Went and saw Beauty and the Beast, and I just had to share my experience because it was so pure?

So, like, I get into the theater, find myself a nice spot smack dab midscreen, which is WAY EASIER without thirty people traipsing in behind you in a group, lemme tell you, and I’m just sitting there, by my lonesome, scrolling tumblr and watching whatever weird stuff they’ve got on screen, and a family comes to sit in my row, which was the only empty one not right in front of the screen. Sat down what I thought was a seat away from me until I saw a little girl in an adorable ass red dress climbing over mom and dad to sit next to me. 

Totally fine. I was just off of center and they got to sit right in the middle of the screen, and when she finally gets settled this little girl looks up at me, with a soda half her size in one hand, and somehow both popcorn and candy in her tiny little lap, and she stage whispers to her mom:

“She’s by herself!”

Mom looks embarrassed, but I smile and wave off the apology. 

I go back to my phone, only to realize someone is tugging at my sleeve. Little girl looks up at me, all wide eyes and curiosity, and holds out a napkin filled with popcorn and chocolate. Like, I remember being a kid, and I remember how important candy and popcorn at the theater are, and I think she thought she was saving my life by offering this sustenance.

I almost fucking cried guys, kids are the best.

So I take it and thank her and let her talk my ear off for a few minutes until she needs a drink because she has been talking SO MUCH her mouth is dry. This kid is going places, guys, I’m telling you right now, because she picked up that cup the size of her torso like a champ and angled the straw just right and continued to try to talk to me around her gulps.

While this is happening, on the other side of me another mom and daughter sat down, and, turns out, the girls know each other. I’m guessing, based on the gumption of Red Dress, that they probably met in the lobby before they went into the theater. 

Girl number 2, I’ll call her Princess Dress, because it was a fantastic dress and when I told her so she proceeded to point to every princess along the neck and name them and give me their Stats, proceeds to have a conversation across me with Red Dress.

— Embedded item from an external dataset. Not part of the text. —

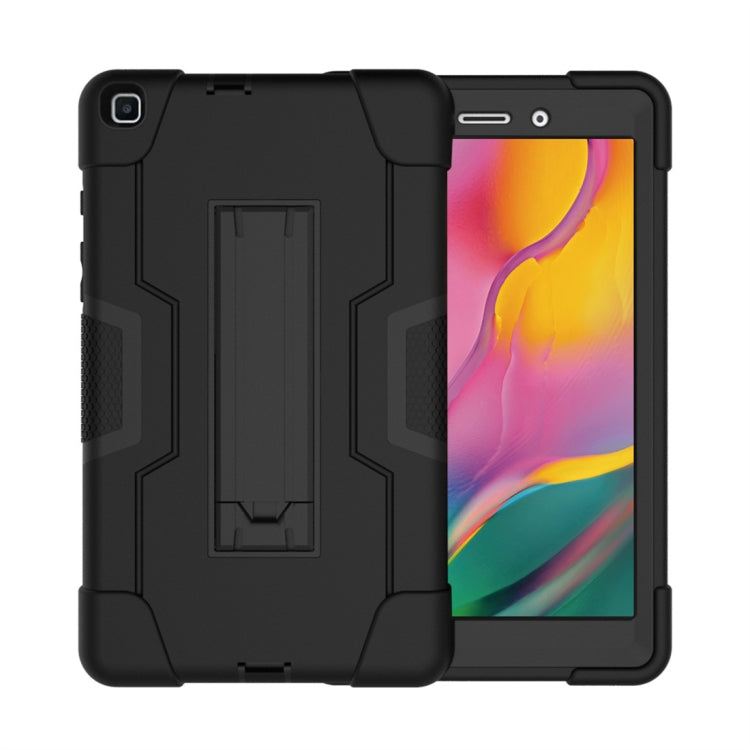 For Galaxy Tab A 8.0 (2019) T290  Contrast Color Silicone + PC Combination Case with Holder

Both sets of parents were looking like they wanted to bury their heads in their hands, but I was having a blast.

Anyway, eventually lights go down, we get into the movie, and for the most part Red and Princess were content, although every so often Red made sure to pass me a handful of sticky half-melted chocolate. 

Watching a live action version of a movie that I watched for the first time when I was their age was a fuckin’ trip, man. Like. I got super emotional over things I didn’t expect to, and during the wolf scenes I was actually mildly distressed, because Princess was gripping the hand rest so hard on my right I thought she was gonna break it. Any scene I laughed or snorted at got a peal of laughter from my two new best friends, so hopefully no one has to go home and explain why I nearly snorted out my drink during “Be Our Guest” when they went for a visual gag for “After all miss, this is France!”.

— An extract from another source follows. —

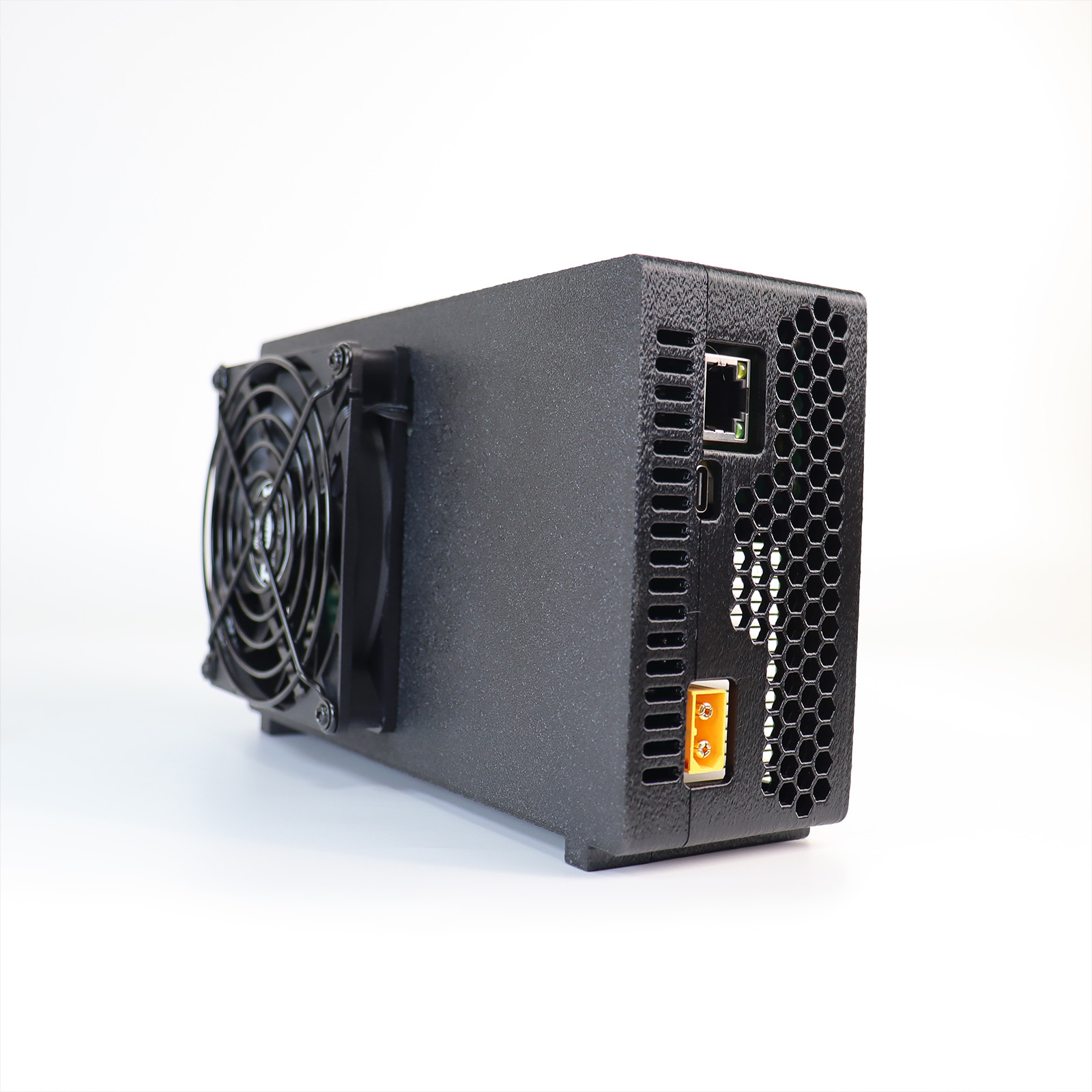 Luckyaxe B131 Bitcoin miner unit close up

During the ballroom scene, Red turned to her mom and whispered “The Beast is handsome!” and it took so much for me not to lean over and whisper back “Girl same.”

But my favorite, MY VERY FAVORITE part of this whole experience was when Gaston shot the Beast - FOR THE THIRD TIME HOLY HELL I KNEW IT WAS DARK BUT GODDAMN THIS IS A KIDS MOVIE ISN’T IT - Red patted my arm because yeah, okay, I was maybe crying a little, look, I know what happens but the movie made me feel things okay. Anyway, she like, pushes herself up in her seat and leans in close and she goes “It’s okay. He’s gonna be okay.”

The point is, children are so pure, and everyone should always watch movies with strangers.